Security Considerations

• Authentication: The gateway supports token, password, or no authentication. It's crucial to enable and configure authentication (authEnabled: true, authMode: 'token') in production environments.
• CORS Origin Validation: WebSocketGateway includes isOriginAllowed to validate the Origin header of incoming WebSocket connections against a configurable list of corsOrigins. This prevents unauthorized domains from connecting. A warning is logged if corsOrigins is * and authentication is enabled, highlighting a potential security risk.
• Trusted Proxies: The WebSocketGateway handles x-forwarded-* headers. If a connection comes from an untrusted IP and includes these headers, they are stripped to prevent IP spoofing or origin manipulation (GHSA-5wcw-8jjv-m286). Configure trustedProxies to list your legitimate proxy servers.
• Message Size Limits: maxMessageSize prevents denial-of-service attacks via excessively large messages.
• Connection Timeouts: connectionTimeoutMs and clientTimeout (for WebSocket) help manage inactive connections and free up resources.

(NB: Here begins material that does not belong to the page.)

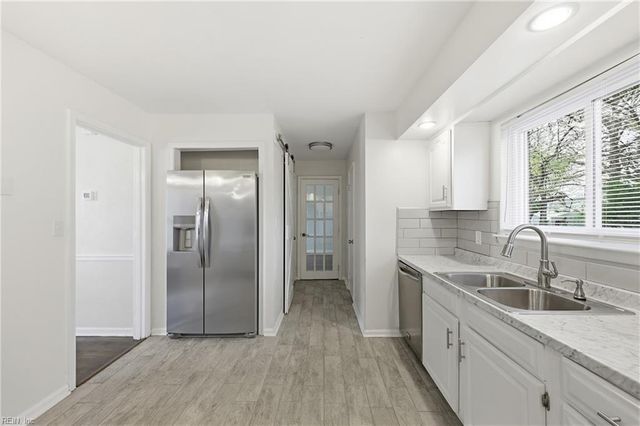 2932 Sunrise AVE, Chesapeake, VA 23324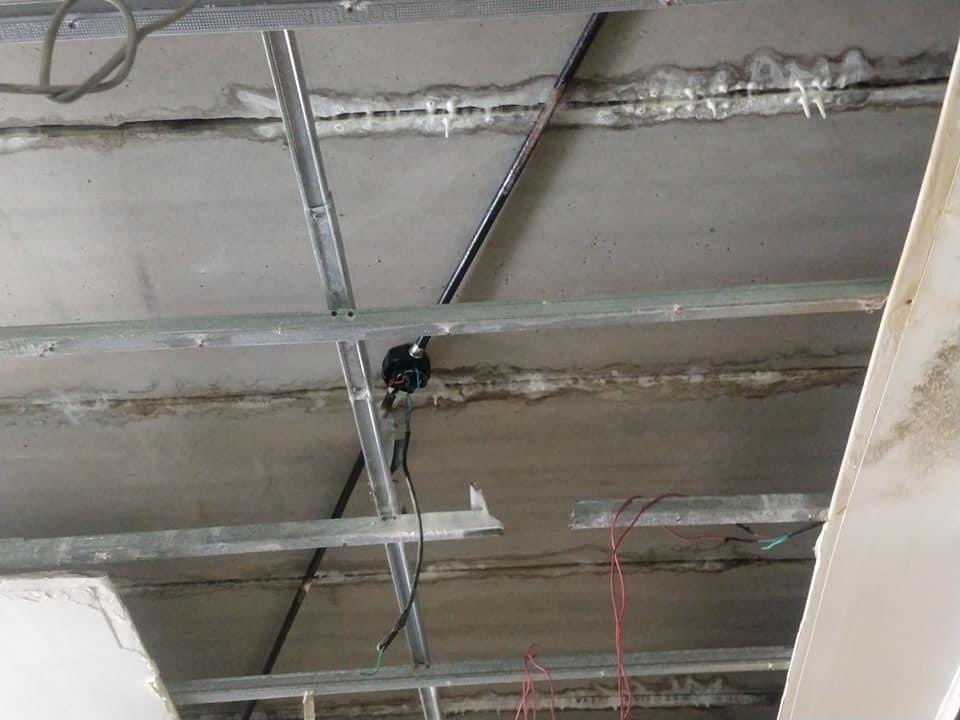 Caída de techos, paredes electrificadas y aulas inundadas: el estado crítico del Comercial 6 de Lugano 1 Caída de techos, paredes electrificadas y aulas inundadas: el estado crítico del Comercial 6 de Lugano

Connection to the Rest of the Codebase

The src/gateway module serves as the central nervous system for real-time communication. Other modules would interact with it by:

• Clients: Connecting to the WebSocketGateway and sending/receiving GatewayMessages.
• Agents/Tools: Registering their capabilities with the AgentRegistry and listening for specific GatewayMessage types (e.g., tool_start, chat).
• Core Logic: Registering custom MessageHandlers with the GatewayServer to process application-specific messages (e.g., handling chat messages, orchestrating tool calls).
• UI/Frontend: Using the gateway to send user input and receive real-time updates (chat streams, tool progress, presence).

By providing a well-defined message format and a robust, extensible server, the src/gateway module ensures that all components can communicate effectively and securely in a real-time environment.